I am a product of a liberal arts education. As such, I am an unapologetic believer in the power of the liberal arts. Every alumnus of Davis & Elkins College should be as well.
Inside Higher Education published a survey of business executives who made clear they not only highly value a college education, they overwhelmingly prefer graduates with skills associated with the liberal arts. These business leaders indicated that while students may be prepared for entry-level positions by virtue of their bachelor’s degree, there is greater concern that today’s graduates can advance in the workplace. To be precise, only 34% believed students had the skills needed to be promoted.

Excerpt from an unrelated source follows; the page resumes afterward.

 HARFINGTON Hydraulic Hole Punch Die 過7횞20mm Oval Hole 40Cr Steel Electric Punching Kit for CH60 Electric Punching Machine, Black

This is where the importance of the liberal arts is measured. According to these business leaders, the skill set at the core of a liberal arts education is the key to lifelong learning. These core skills prepare liberal arts graduates for their first job as well as their last job, and everything in between.
What is at this core of a liberal arts education? The following eight priorities, valued most highly by business executives and hiring managers, is an excellent place to start:
- Able to effectively communicate orally
- Critical thinking/analytical reasoning
- Ethical judgment and decision-making
- Able to work effectively in teams
- Able to work independently (prioritize, manage time)
- Self-motivated, initiative, proactive: ideas/solutions
- Able to communicate effectively in writing
- Can apply knowledge/skills to real-world settings.
At Davis & Elkins College, like other liberal arts institutions across this country, this list is at the heart of the educational experience of our students. While there are most certainly job skills learned in our classrooms, the training received is for life. Regardless of career or setting, these core skills become a part of the very fabric of a liberal arts graduate.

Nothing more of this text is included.